Approach 2 - Use Hivecontext. insert rdd data directly to a hive table

# python
sqlContext = HiveContext(sc)
ssc = StreamingContext(sc, int(batch_interval))
kvs = KafkaUtils.createStream(ssc, zkQuorum, group, {topics: 1})
lines = kvs.map(lambda x: x[1]).persist(StorageLevel.MEMORY_AND_DISK_SER)
lines.foreachRDD(sendRecord)

def sendRecord(rdd):

  sql = "INSERT INTO TABLE table select * from beacon_sparktable"

  # 1 - Apply the schema to the RDD creating a data frame 'beaconDF'
  beaconDF = sqlContext.jsonRDD(rdd,schema)

  # 2- Register the DataFrame as a spark sql table.
  beaconDF.registerTempTable("beacon_sparktable")

  # 3 - insert to hive directly from a qry on the spark sql table
  sqlContext.sql(sql);

This works fine , it inserts directly to a parquet table but there are scheduling delays for the batches as processing time exceeds the batch interval time. The consumer cant keep up with whats being produced and the batches to process begin to queue up.

it seems writing to hive is slow. ive tried adjusting batch intervla size, running more consumer instances.

In summary

What is the best way to persist Big data from Spark Streaming given that there are issues with multiple files and potential latency with writing to hive?

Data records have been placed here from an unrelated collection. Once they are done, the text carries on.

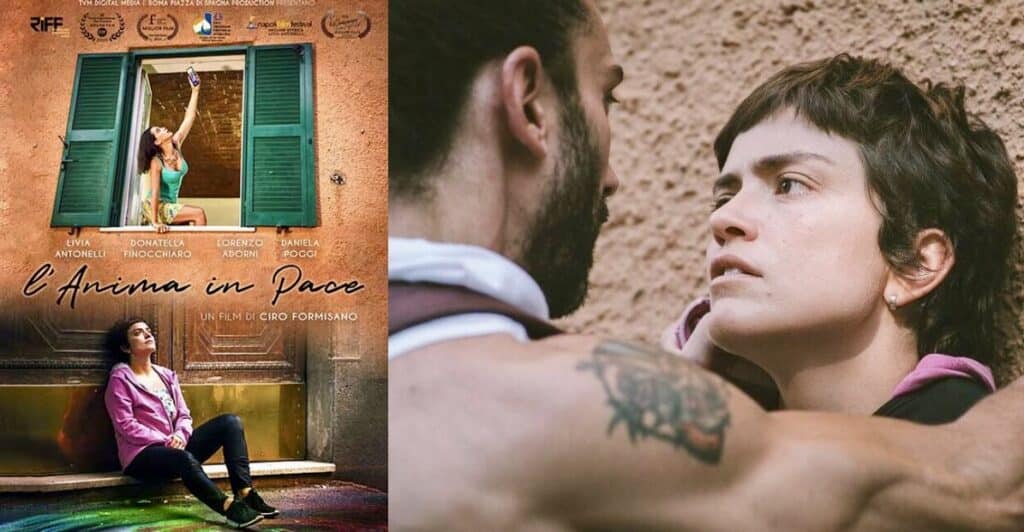 Arriva al cinema il film drammatico L'anima in pace
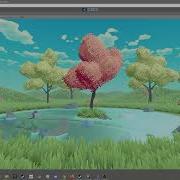 Unity Foliage Shader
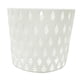 thumbnail image 1 of Maceta colgante de pared para plantas, contenedor decorativo para jardín 16.5x8.3x14cm, 1 of 9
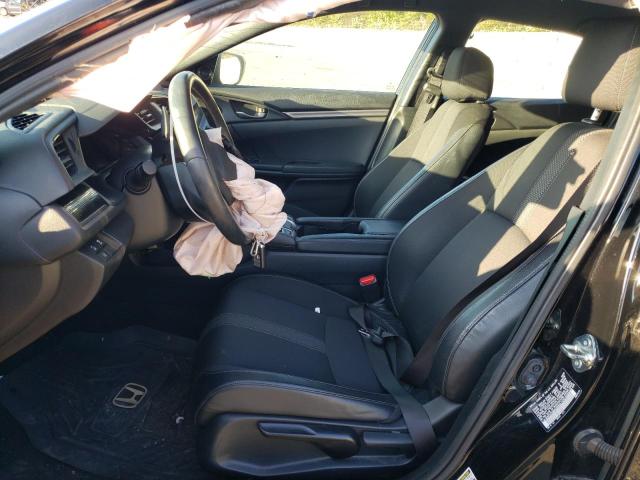 SHHFK7H46MU402616 - 2021 HONDA CIVIC SPORT 黑色 照片 7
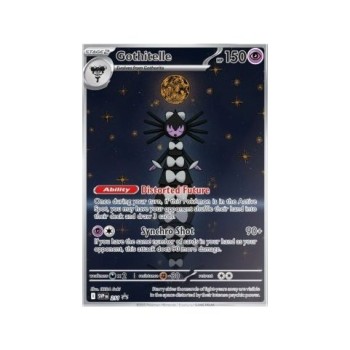 Gothitelle (SV Black Star Promos 211) (Promo) English - Near Mint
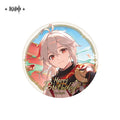 Genshin Impact ★ Day of Destiny Character Badge - Kaedehara Kazuha (2022 Edition)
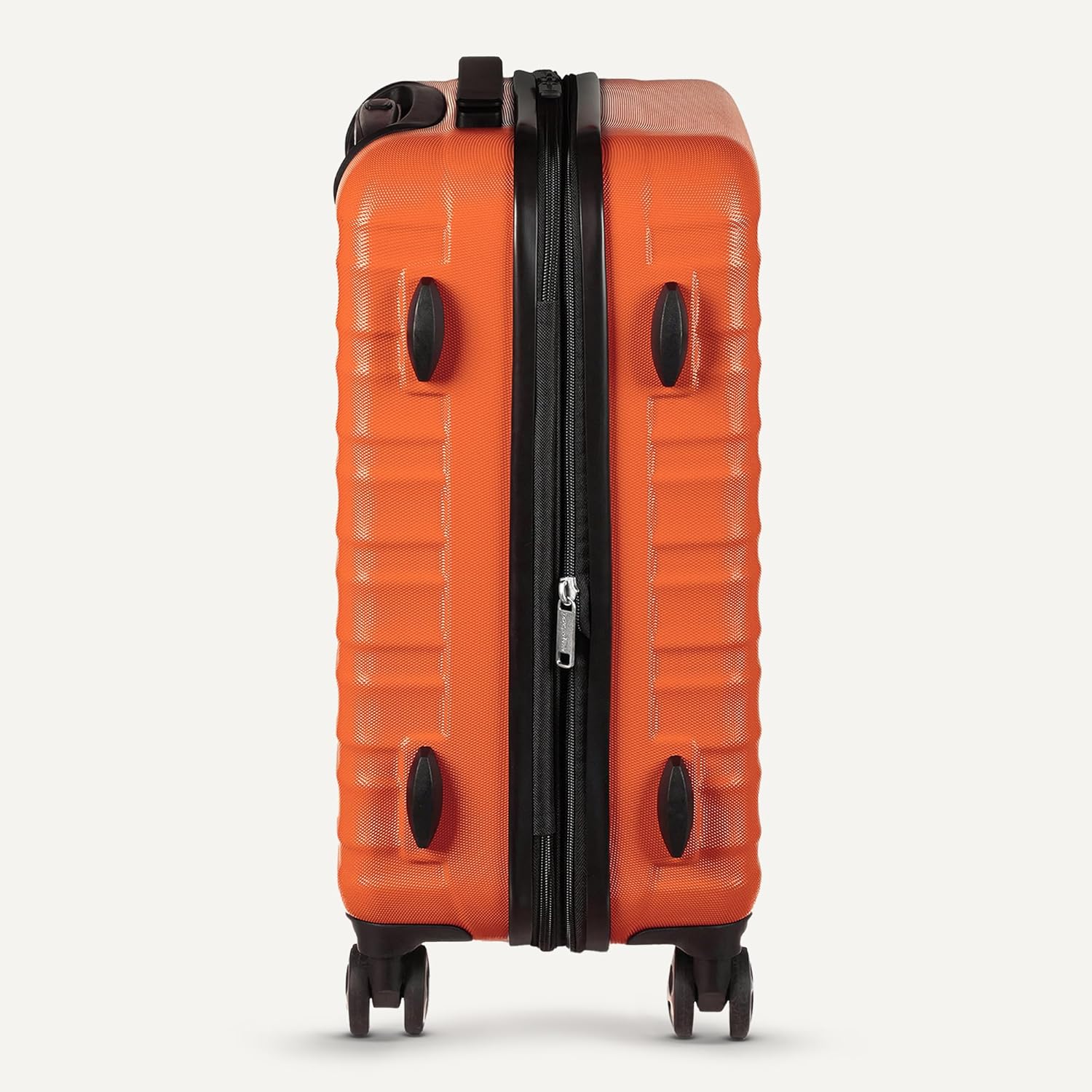 21" Hardside Carry-On Luggage with Spinner Wheels, Expandable for Up to 25% More Space, Scratch-Resistant Hardshell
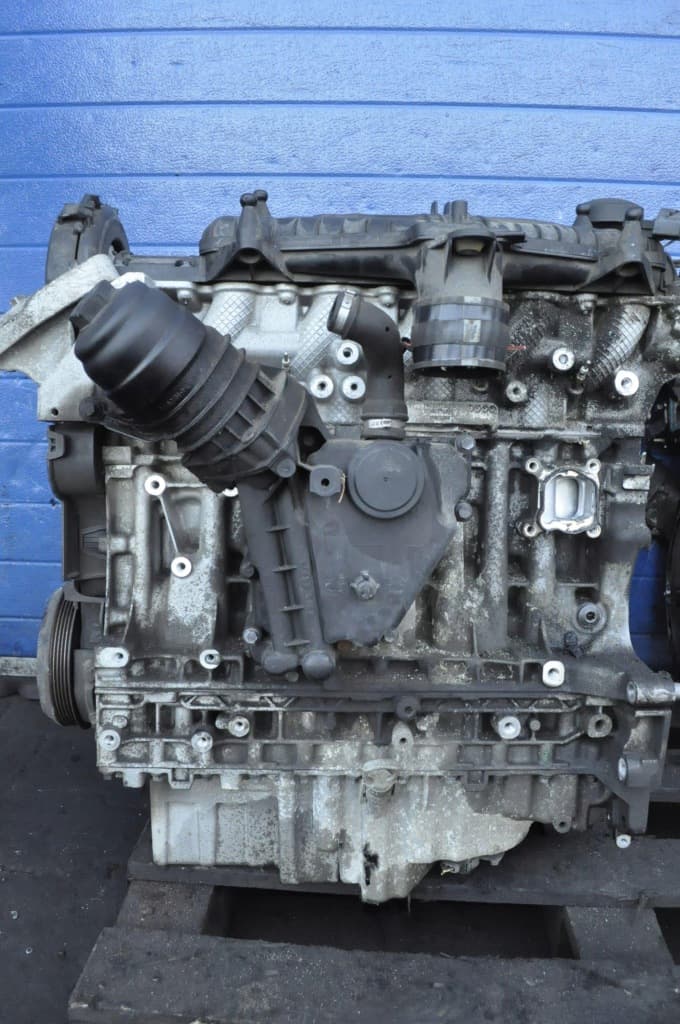 Moteur D 5204 T5 pour Volvo Xc70 2.0 Diesel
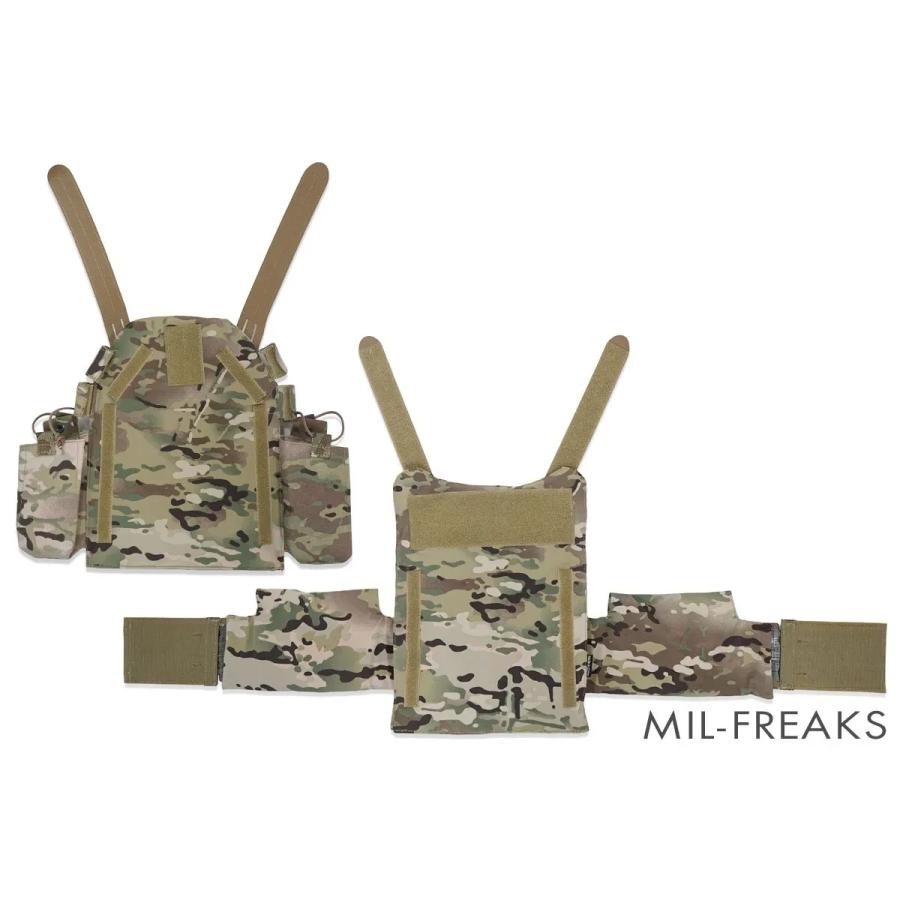 Cork Gear LBTタイプ 6094G4 MAC プレートキャリア マルチカム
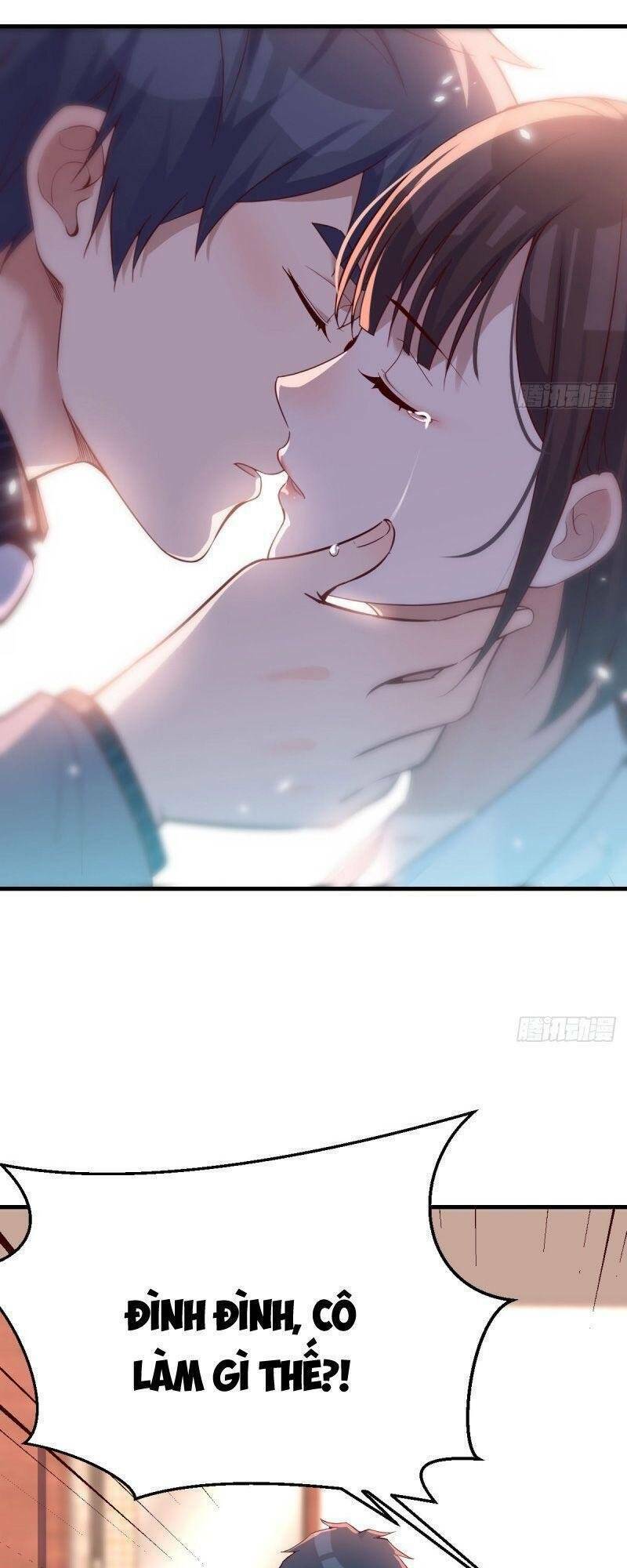 Trong Nhà Có 2 Bạn Gái Song Sinh - Chapter 86 - Page 22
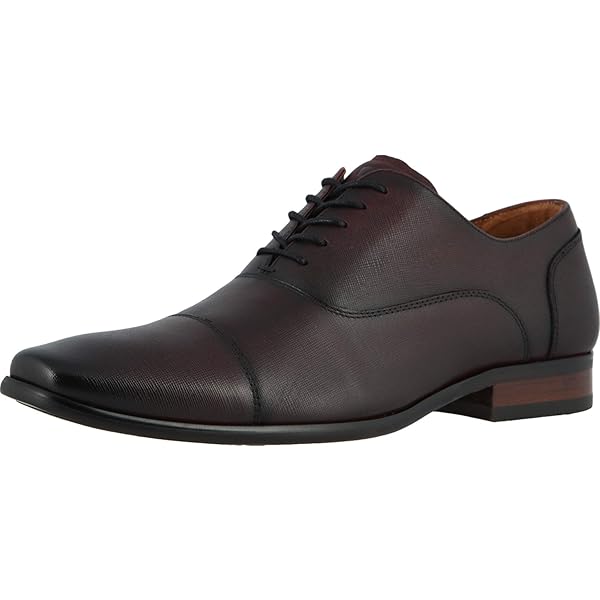 jetson cap toe oxford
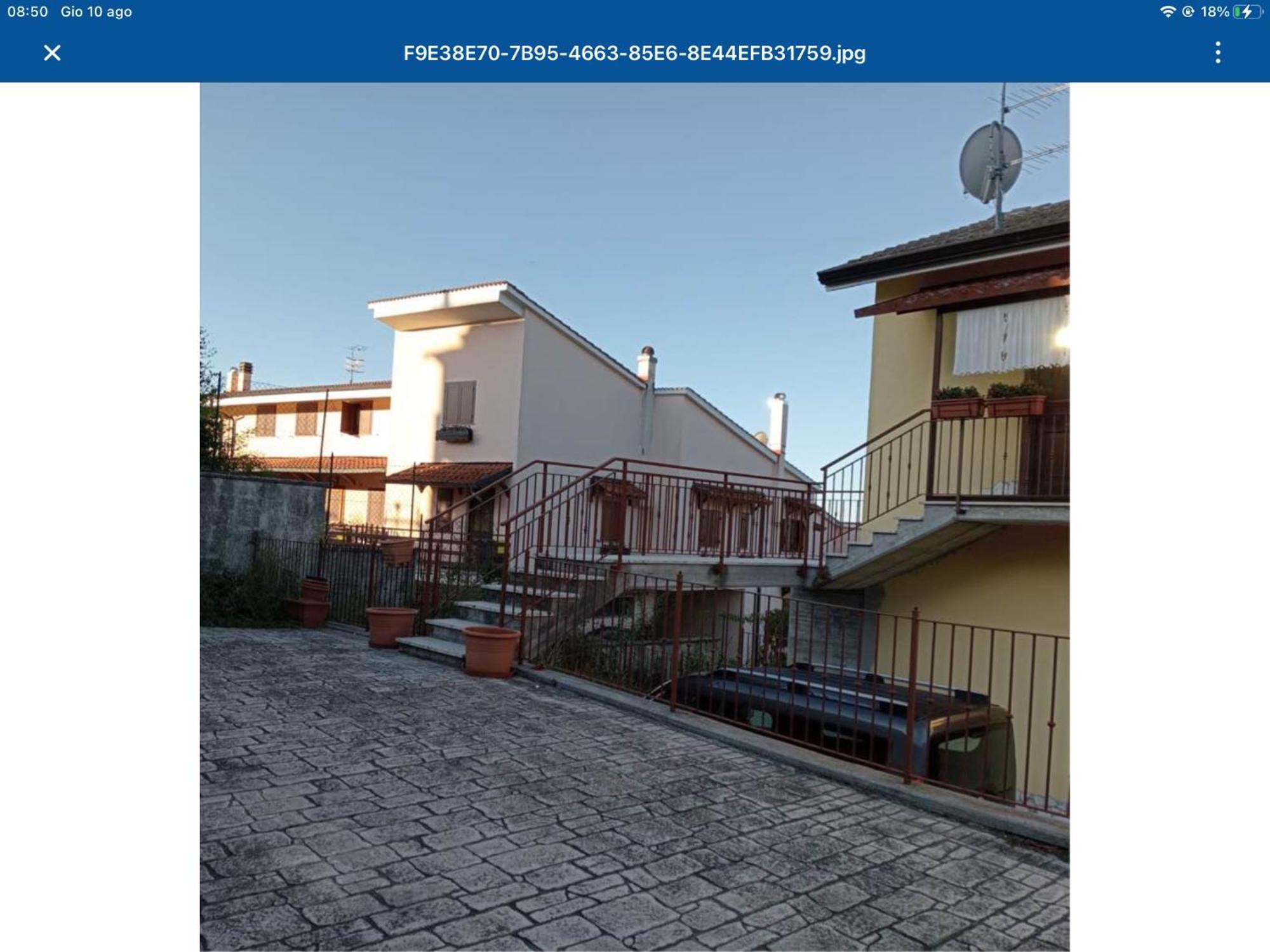 La Cerbiatta Villa Castel Di Sangro Buitenkant foto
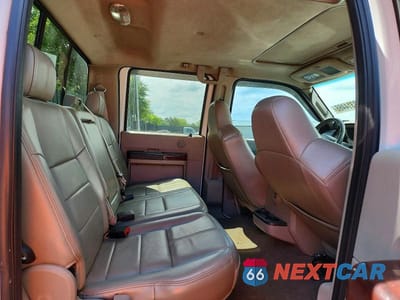 Zdjęcie 10 z 13 samochodu: 2009 FORD F350 SUPER DUTY VIN:1FTWW31R49EA18573 - miniatura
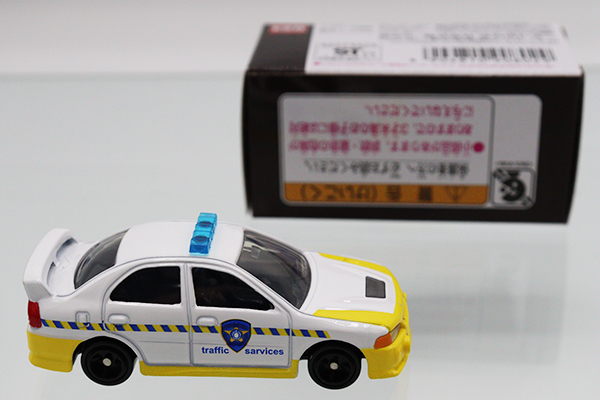 トミカ　イオン特注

What are other people doing?

A similar question has been asked here, but he has an issue with directories as apposed to too many files How to make Spark Streaming write its output so that Impala can read it?

Many Thanks for any help

In solution #2, the number of files created can be controlled via the number of partitions of each RDD.

See this example:

// create a Hive table (assume it's already existing)
sqlContext.sql("CREATE TABLE test (id int, txt string) STORED AS PARQUET")

// create a RDD with 2 records and only 1 partition
val rdd = sc.parallelize(List( List(1, "hello"), List(2, "world") ), 1)

// create a DataFrame from the RDD
val schema = StructType(Seq(
 StructField("id", IntegerType, nullable = false),
 StructField("txt", StringType, nullable = false)
))
val df = sqlContext.createDataFrame(rdd.map( Row(_:_*) ), schema)

// this creates a single file, because the RDD has 1 partition
df.write.mode("append").saveAsTable("test")

Now, I guess you can play with the frequency at which you pull data from Kafka, and the number of partitions of each RDD (default, the partitions of your Kafka topic, that you can possibly reduce by repartitioning).

I'm using Spark 1.5 from CDH 5.5.1, and I get the same result using either df.write.mode("append").saveAsTable("test") or your SQL string.